**DATASET EXCERPTS**
+ + + + +

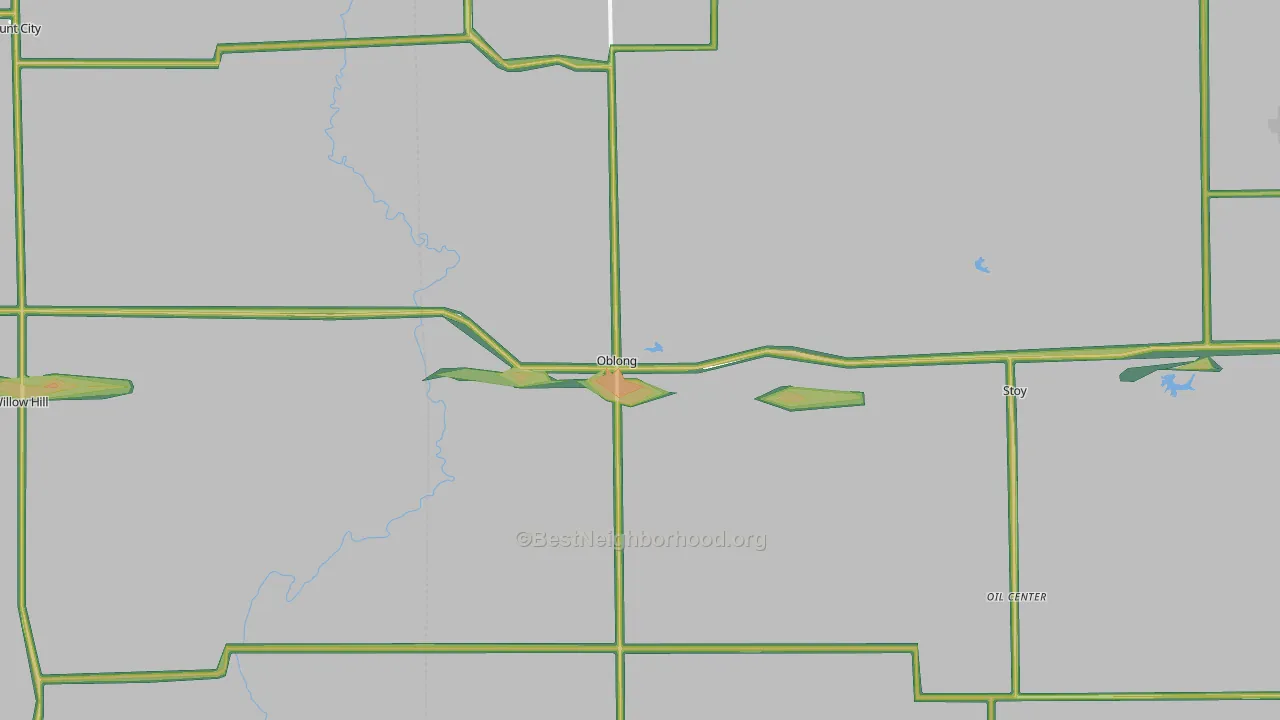 62449, IL Map of Noise Levels in 62449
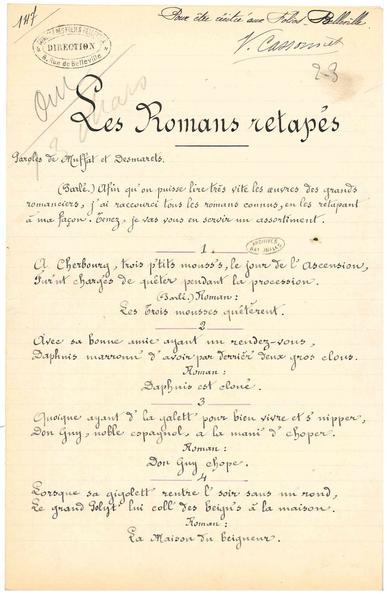 Paroles de la chanson Les Romans retapés  (1893)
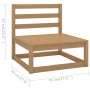 Set de muebles de jardín 13 pzs cojines madera pino marrón miel de vidaXL, Conjuntos de jardín - Ref: Foro24-3077012, Precio:...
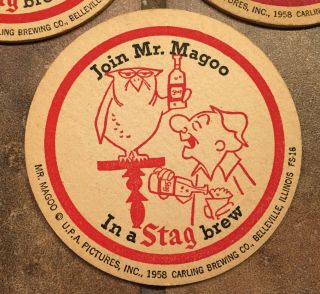 Vintage 1958 Stag Beer Coasters " Join Mr.  Magoo In A Stag Brew "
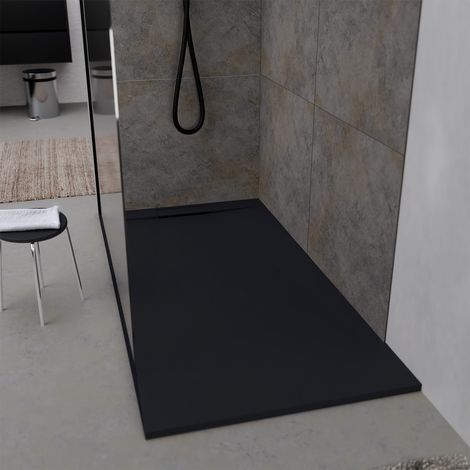 Piatto doccia 180x90x3 cm in polibetone nero opaco effetto pietra - Ritagliabile - LIANA (1/5)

+ + + + +

**EXERCISE OBJECTIVE**
Pick up at the line that holds "Vintage 1958 Stag" and restate each line, word for word, through the last line of the entries. Include both end lines but none of the pictures.

**THE ANSWER**
 Vintage 1958 Stag Beer Coasters " Join Mr.  Magoo In A Stag Brew "
 Piatto doccia 180x90x3 cm in polibetone nero opaco effetto pietra - Ritagliabile - LIANA (1/5)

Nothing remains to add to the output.